Quelle attitude à l’égard du corps ?

Celle d’un profond respect, car le corps est l’expression de la personne toute entière. Après le décès, sa prise en charge est assumée par les soignants et les collaborateurs des services funéraires. A eux d’effectuer la toilette, d’appliquer au corps les soins de présentation ou de conservation qui s’imposent ou qui sont souhaités par la famille.

Le don d’organes est vu comme un acte de générosité, de solidarité avec ceux qui souffrent. Même si l’Eglise catholique n’interdit pas le don du corps à la science, elle émet des réserves sur cette pratique, car la famille est dépossédée de son défunt qui est lui-même souvent privé d’un lieu de mémoire.

En 1963, les autorités catholiques ont levé l’interdiction de la crémation. Elles indiquent cependant une préférence pour l’inhumation. La crémation doit être postérieure aux obsèques : la cérémonie ne se déroule jamais en présence d’une urne.

 

La célébration des obsèques

Elle n’est plus un monopole clérical. Dans de nombreuses paroisses, se sont mises en place des « équipes de funérailles », constituées de laïcs. Elles accueillent les familles, écoutent leurs demandes, préparent la célébration avec elles. S’il n’y a pas de prêtre pour officier, un membre de l’équipe préside la cérémonie. Celle-ci est rarement une « messe », sauf si le défunt était très engagé sur le plan religieux.
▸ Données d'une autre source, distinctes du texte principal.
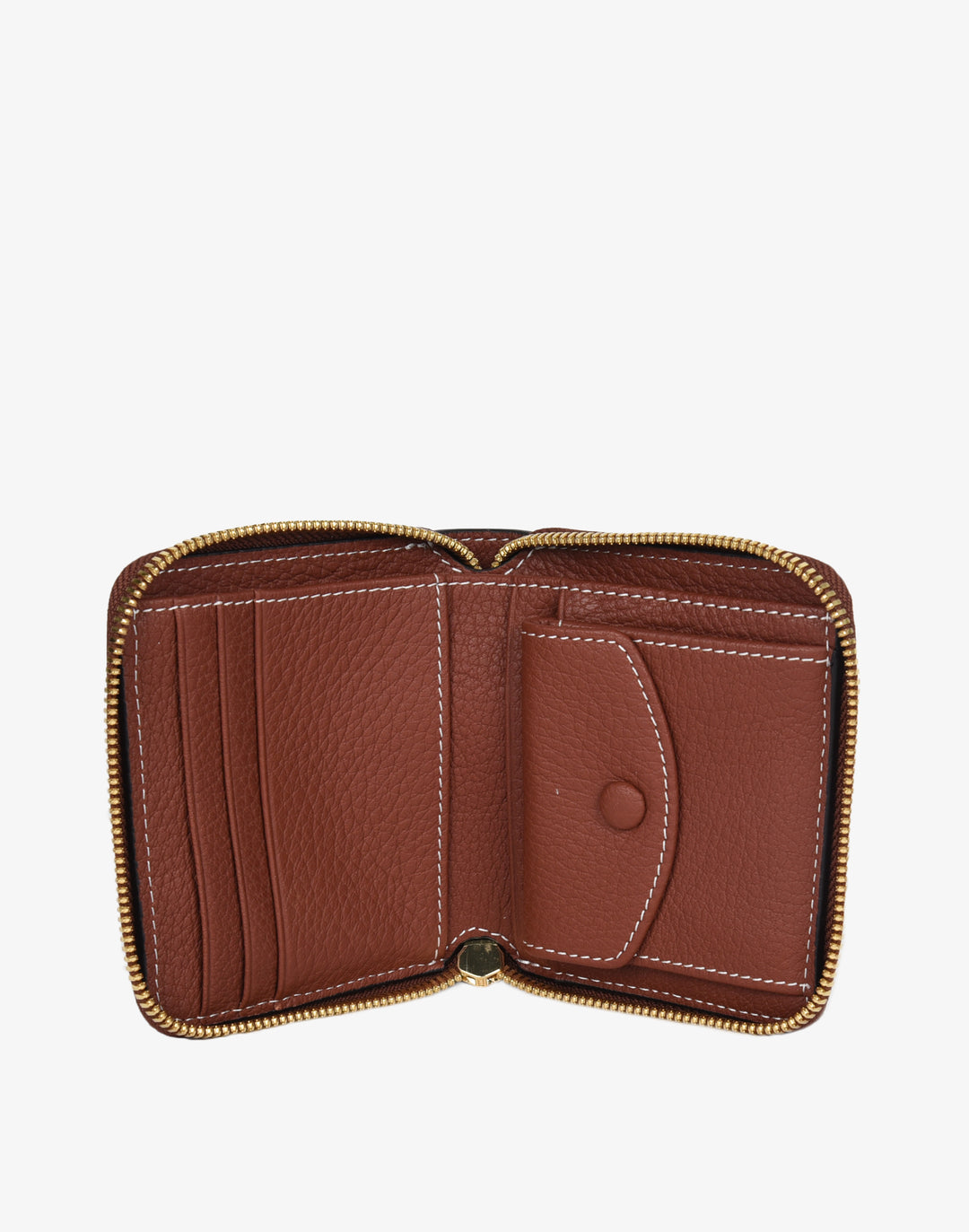 hyer goods recycled leather zip around wallet saddle brown tan#color_saddle-brown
La célébration commence par un temps d’accueil, où les proches évoquent le défunt, sa vie et la trace qu’il laisse. Elle se poursuit par la lecture de la Parole de Dieu. Soixante-dix-huit extraits bibliques sont proposés. Dans certaines paroisses, on accepte d’y ajouter un texte profane. La « prière universelle » est un moment fort de participation : les proches du défunt peuvent contribuer à sa rédaction ou en partager la lecture. La célébration s’achève sur le « dernier adieu », qui marque le départ définitif du défunt pour l’au-delà. La dépouille est aspergée d’eau bénite, en rappel du baptême. Le fait de l’encenser est une marque de respect.

 

Au cimetière

Parfois un membre de « l’équipe funérailles » – plus rarement, un prêtre – se rend au cimetière, avec les proches, pour accompagner le défunt jusqu’à sa dernière demeure. Il y récite une brève prière (toujours en rapport avec la résurrection), suivie en général du « Notre Père ». Souvent un ultime geste est proposé : bénédiction du cercueil par chacun ou simple main posée dessus, en signe d’adieu.